- Province: Canterbury
- Appointed: 19 November 1404
- Installed: 8 April 1405
- Term ended: 21 November 1419
- Predecessor: Henry Beaufort
- Successor: Richard Fleming
- Previous posts: Abbot of Leicester and Chancellor of the University of Oxford

Orders
- Ordination: 26 May 1369
- Consecration: 29 March 1405
- Created cardinal: 19 September 1408, but revoked in 1409
- Rank: Cardinal priest

Personal details
- Born: c. 1345 Wales
- Died: 1424 (aged 78–79)
- Buried: Lincoln Cathedral
- Denomination: Roman Catholic Church

= Philip Repyngdon =

15th-century Bishop of Lincoln

Philip Repyngdon (Note: Or Repington, or Repyndon) (c. 1345 – 1424) was a bishop and cardinal.

==Life==
It is believed Repyngdon was born in Wales in around 1345. He became an Augustinian canon, first at Repton Abbey, then at Leicester Abbey where he was ordained to the priesthood on 26 May 1369. He may have been educated at Broadgates Hall, Oxford, although Simon Forde argues against this, since it was for law students and he was a theologian.

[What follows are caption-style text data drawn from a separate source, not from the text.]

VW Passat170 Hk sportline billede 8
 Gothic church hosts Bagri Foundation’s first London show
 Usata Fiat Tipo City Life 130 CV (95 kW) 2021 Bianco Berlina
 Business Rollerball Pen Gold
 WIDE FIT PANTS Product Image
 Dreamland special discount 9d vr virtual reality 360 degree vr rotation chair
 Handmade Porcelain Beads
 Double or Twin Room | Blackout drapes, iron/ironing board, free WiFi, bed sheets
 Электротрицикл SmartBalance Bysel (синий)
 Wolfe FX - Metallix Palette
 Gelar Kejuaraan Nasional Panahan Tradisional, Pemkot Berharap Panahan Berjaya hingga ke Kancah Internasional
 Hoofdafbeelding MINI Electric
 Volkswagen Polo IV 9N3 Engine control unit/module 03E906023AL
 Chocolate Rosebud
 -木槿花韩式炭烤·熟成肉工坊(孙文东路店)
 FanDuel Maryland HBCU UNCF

In any case, he graduated from the University of Oxford as a Doctor of Divinity in 1382.

A man of learning, Repyngdon came to the front as a defender of the doctrines taught by John Wycliffe; for this he was suspended and afterwards excommunicated, but in a short time he was pardoned and restored by Archbishop William Courtenay, and he appears to have completely abandoned his unorthodox opinions.

In 1394, Repyngdon was made abbot of the abbey of Saint Mary de Pratis at Leicester, and after the accession of Henry IV to the English throne in 1399 he became chaplain and confessor to this king, being described as clericus specialissimus domini regis Henrici. From 1400 to 1403, Repyngdon was chancellor of Oxford University.

On 19 November 1404, Repyngdon was chosen bishop of Lincoln, and was consecrated on 29 March 1405. In 1408, Pope Gregory XII created him a cardinal, however, it was not recognised in England, and the creation was revoked in 1409.

In 1405, Repyngdon attempted to promote a pilgrimage site at Yarborough devoted to the Blessed Sacrament, after the church there was destroyed by fire. The pyx which contained the consecrated Host was the only thing to survive the fire, and the bishop attempted to establish a cult centre there, but it failed.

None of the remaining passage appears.